Ab-externo kanaloplasti ile Hydrus kanal genişletici implantın 2 yıllık sonuçlarını karşılaştıran Gandolfi ve ark. her iki grupta preoperatif GİB değerlerine göre cerrahi sonrası anlamlı GİB azalması tespit ederken, ilaç sayısı, başarısızlık, komplet başarı, komplikasyon oranları postoperatif benzerlik gösterdiğini bildirmişlerdir. (35)

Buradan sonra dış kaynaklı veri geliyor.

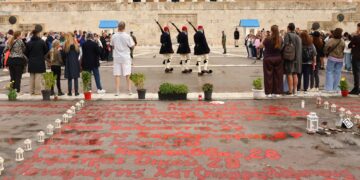 Το ΥΠΕΘΑ αναθέτει σε τρίτο τη καθαριότητα του Άγνωστου Στρατιώτη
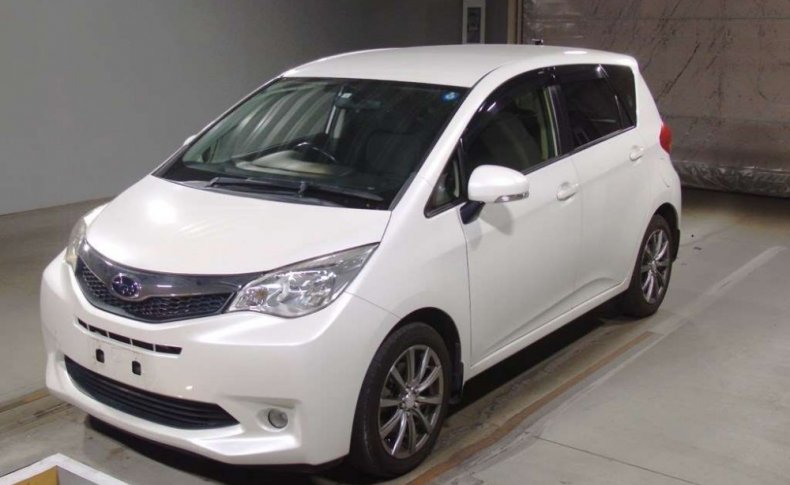 SUBARU TREZIA 1.3i-L 2013
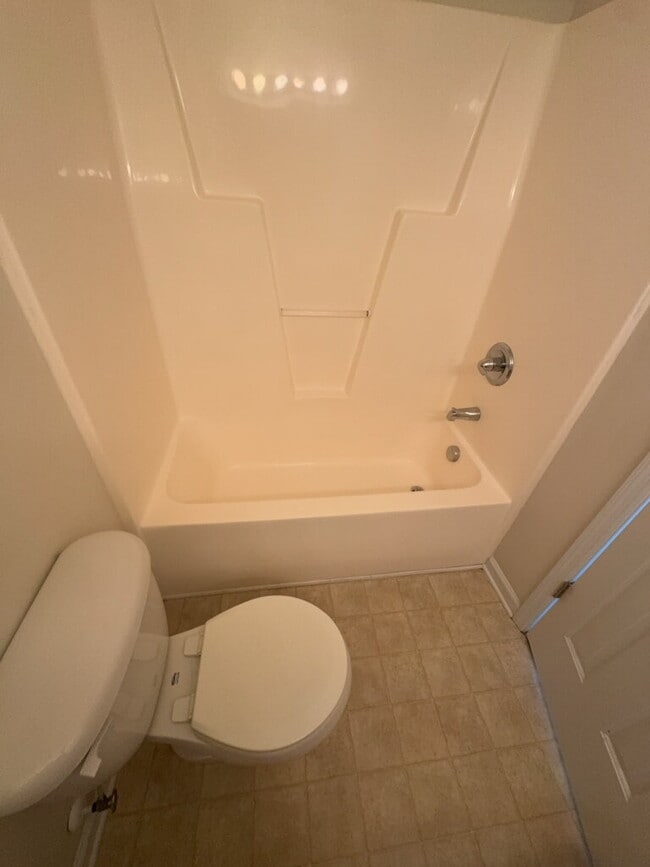 Building Photo - 2005 Banister Loop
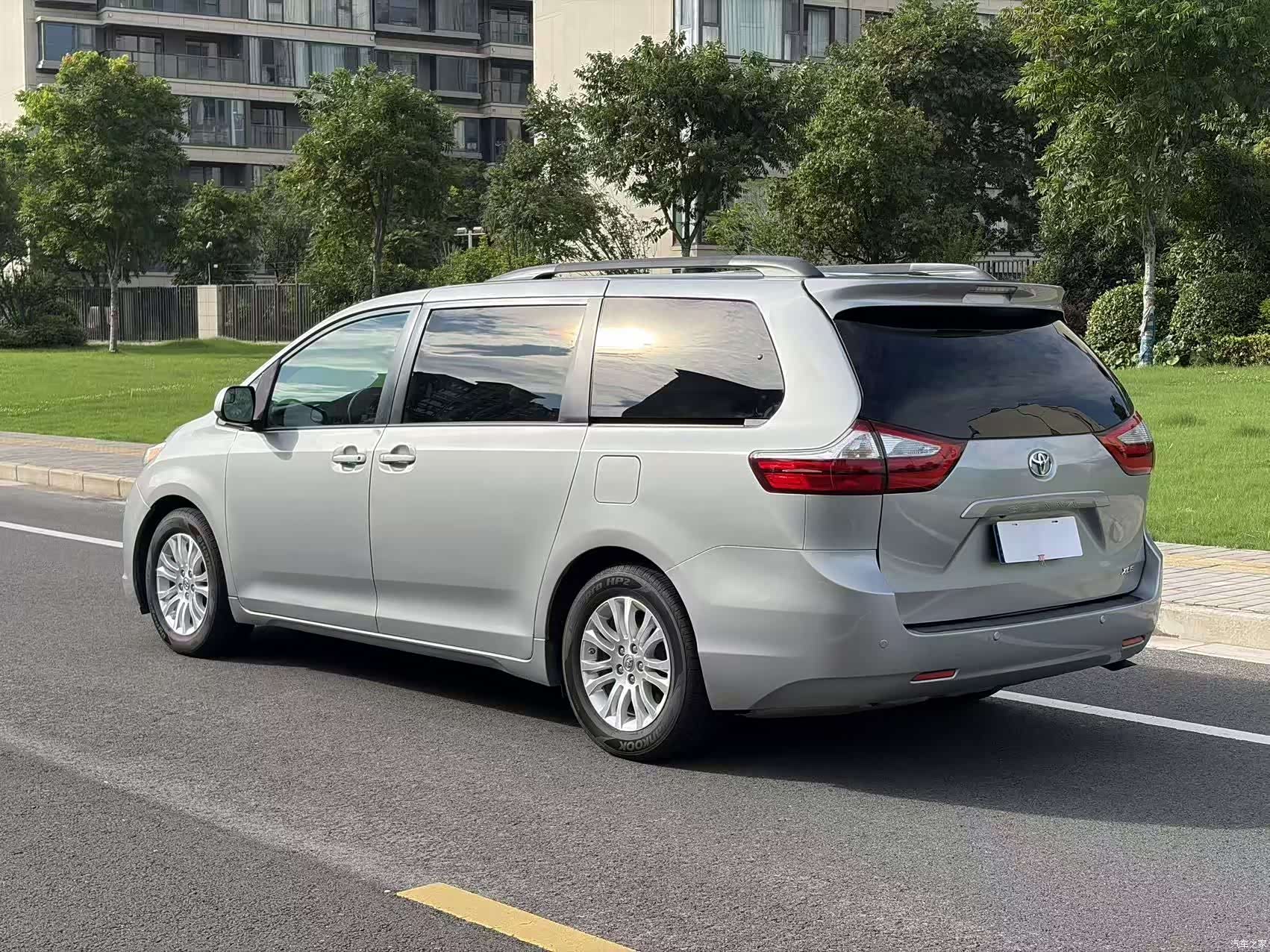 Toyota Sienna, 2017 6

SLT ile Hydrus implant cerrahisinin karşılaştırıldığı randomize 56 PAAG glokom hastasının değerlendirildiği çalışmada, 12. ay sonuçlarına bakıldığında, her iki grupta GİB’de ayrıca Hydrus grubunda ilaç sayısında anlamlı düşüş izlenmiş. Ek olarak, Hydrus grubunda ilaç kullanımı 3 kat azalırken, ilaçsız hasta oranı 12. Ayda %47 olarak tespit edilmiş. (36)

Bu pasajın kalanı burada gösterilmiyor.